At its most basic, America is about community. But the conservative definition of community no longer resonates with the growing numbers of Americans who traditionally were banned from joining and participating in that community. Indeed, minorities, many women, gays, and young people had little use for the kind of community described by Mitt Romney and Paul Ryan in their speeches. That’s because the modern state has twisted the very nature of what community should be, substituting an entirely new — and alien — definition for the traditional notion that community should be “governed by love and charity, not by compulsion,” as Russell Kirk put it.
In fact, as William Schambra points out in an article in National Affairs, like everything else in modern American society, that state has appropriated the notion of community for its own ends:
The age of Obama has been an age of revival for the Progressive ideal of a “national community.” It is a vision rooted in two core beliefs: that direct, local associations and channels of action are too often overwhelmed by the differences among communities and the fractious character of American public life; and that rather than strengthening the sources of these differences, modern government should seek to overcome them in the service of a coherent national ambition. By distributing the same benefits, protections, and services to all Americans, fellow feeling and neighborliness can be fostered among the public; combined with the power of the national government and professional expertise, this communal sentiment can then become a valuable weapon for attacking America’s most pressing social problems.

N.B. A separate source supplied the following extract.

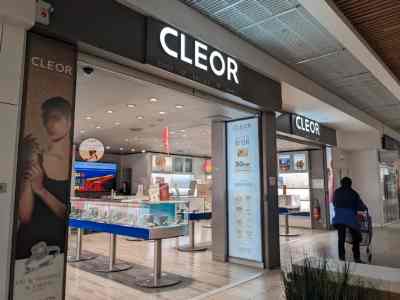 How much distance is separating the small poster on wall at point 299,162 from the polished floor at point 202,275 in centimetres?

Contrast this “community by compulsion” with Russell Kirk’s “voluntary community”:
In a genuine community, the decisions most directly affecting the lives of citizens are made locally and voluntarily. Some of these functions are carried out by local political bodies, others by private associations: so long as they are kept local, and are marked by the general agreement of those affected, they constitute healthy community. But when these functions pass by default or usurpation to centralized authority, then community is in serious danger. Whatever is beneficent and prudent in modern democracy is made possible through cooperative volition. If, then, in the name of an abstract Democracy, the functions of community are transferred to distant political direction—why, real government by the consent of the governed gives way to a standardizing process hostile to freedom and human dignity.
Conservatives believe that by shrinking government, by taming the Leviathan, the voluntary community can reassert itself and sweep away the collectivist nature of modern society — that we can return to an idyllic past where local communities governed themselves, individual rights rarely conflicted with the needs of the community, and the need for a big government in Washington was lessened considerably.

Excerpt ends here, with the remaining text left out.